IMF staff issued its customary review of Turkish economy and economic policy, which while praising the austerity program, remained very critical of its gradual nature, advising prolonged “tight financial conditions” and “fiscal consolidation” synonyms for “higher for longer” in monetary policy and painful spending cuts in the upcoming 2025 budget.
Progress in austerity praised
“A turnaround in economic policies since mid-2023 tightened Türkiye’s overall policy mix, sharply reducing crisis risks and raising confidence. The current account deficit fell to 2.7 percent of GDP in 2024:Q1, market sentiment improved, international reserves (net of swaps and other liabilities) increased by US$91 billion since April, international credit agencies upgraded Türkiye’s sovereign risk rating, and CDS spreads have declined nearly 440 bp since mid-2023. Headline inflation has started easing in the summer, but it remains high. The financial and corporate sectors have so far weathered liberalization and policy tightening without visible stress.”
But, the costs of the belt-tightening were also highlighted:
Tight monetary and incomes policies will weigh on domestic demand, bringing 2024 growth to around 3.4 percent. Despite favorable base effects, still-strong inertia would keep inflation at around 43 percent (y/y) at end-December. On the external front, the current account deficit would continue to fall to around 2.2 percent of GDP. In 2025, with fiscal policy expected to turn contractionary and real policy rates remaining positive, growth would further moderate to 2.7 percent, and inflation fall to around 24 percent. In the medium term, a further drop in inflation would boost confidence, and growth would rise back toward potential of 3.5-4 percent. Export growth would keep the current account deficit around 2 percent, and international reserves would stay above 100 percent of the IMF’s reserve adequacy metric.”
Note that on the positive side IMF is signaling default risk for Turkey is low on account of strong reserve build-up, but its 2025 inflation forecast is 10 percentage points higher than that of the Central Bank.
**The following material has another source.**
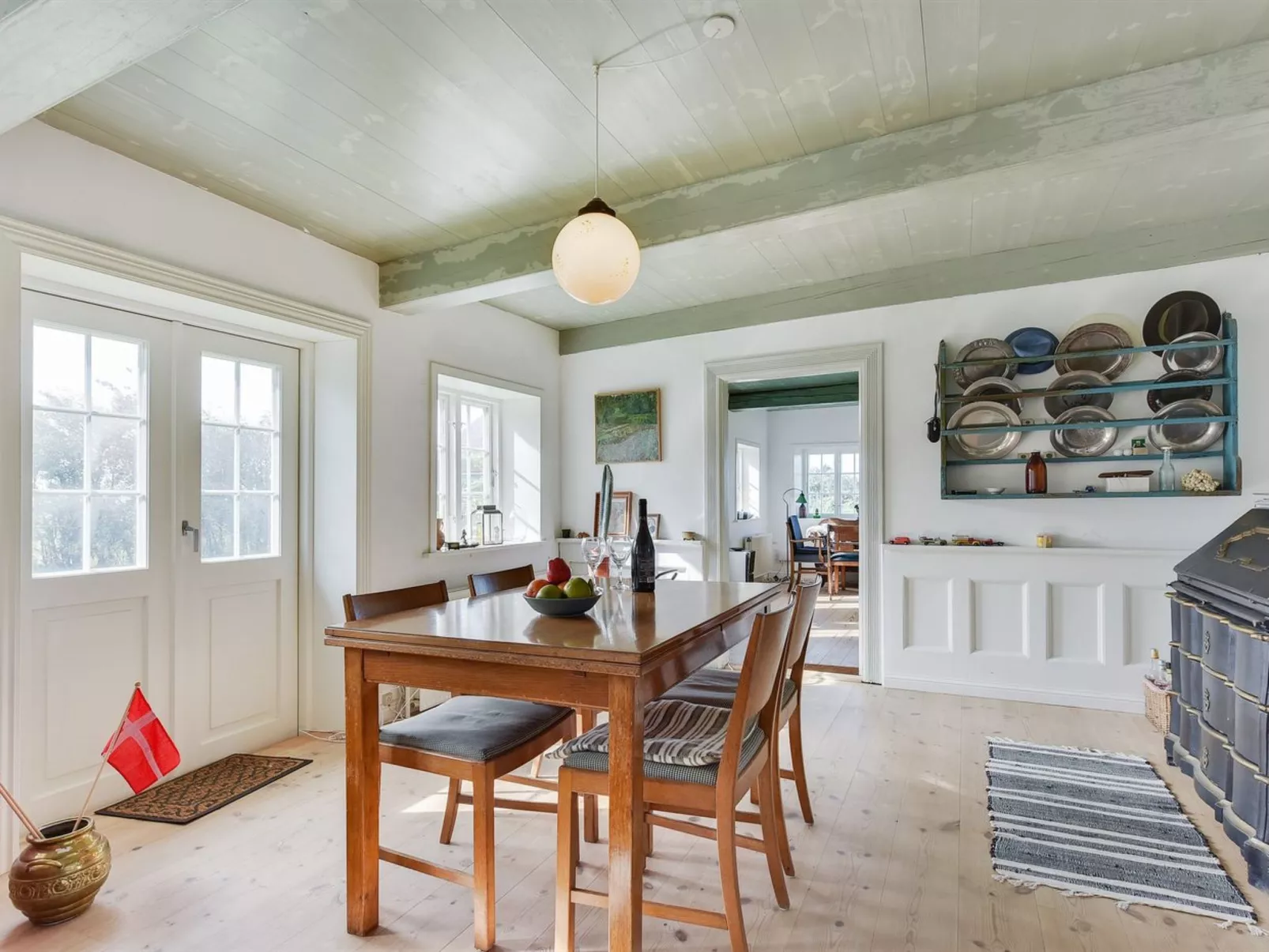 "Kielo" - 10km from the sea-Binnen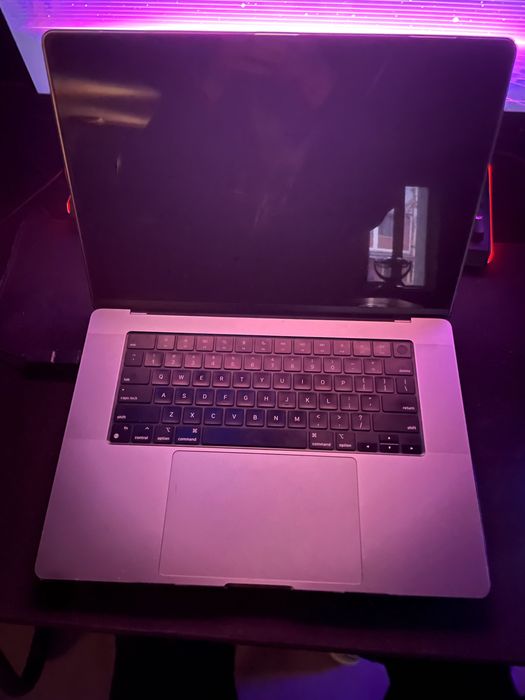 Macbook pro M1 Pro 16inch max quvati 20 soatga yet 16/512 full konlekt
And, here come the veiled jabs at economic policy
“While the authorities’ gradual approach to fighting inflation aims to limit the impact on growth, it bears downside risks. It prolongs the period during which risks and shocks that could derail disinflation might occur, such as higher global energy prices, geopolitical tensions arising from the conflict in the middle east or the war in Ukraine, or a reversal of capital flows
Policy recommendations promise further pain:
“A tighter policy mix, focused on fiscal policy, would reduce risks and bring inflation down more quickly and sustainably. Fiscal, monetary, and incomes policies will all need to work together. While there would be a short-term cost to growth from tighter policies, a rapid disinflation is more likely to be sustainable, and would strengthen medium-term growth and financial stability.”
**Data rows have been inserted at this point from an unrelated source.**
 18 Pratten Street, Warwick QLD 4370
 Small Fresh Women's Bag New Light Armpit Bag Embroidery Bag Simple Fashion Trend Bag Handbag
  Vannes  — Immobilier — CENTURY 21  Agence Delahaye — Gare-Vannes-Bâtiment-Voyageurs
Taken together, and front loaded to the extent possible, measures amounting to around 2.5 percent of GDP would better calibrate the fiscal impulse over 2024-2025 to support the disinflation effort.
The tight monetary policy stance will need to be kept until headline inflation and inflation expectations fall to the CBRT’s forecast range. Financial conditions will tighten as inflation expectations continue to fall, but should sequential inflation not continue to fall toward a path consistent with the end-2025 target range, additional tightening might be called for.
Setting prices, wages, and other contracts (such as rents) annually and according to forward-looking inflation is key to resetting expectations and protecting competitiveness. Once relative prices have adjusted, any backward-looking indexation should be eliminated, and public sector administered prices aligned with production and maintenance costs.”
In other words, the annual minimum wage, pension and civil services pay ought to be hiked by forecasted inflation, not to compensate recipients for accumulated inflation of 2024. If followed, this recommendation will elicit howls of protest from low and middle income classes.
Nevertheless, it is a credit to Mehmet Simsek that he allowed the report to be published despite its no-nonsense recommendation amounting to “No pain, no gain”.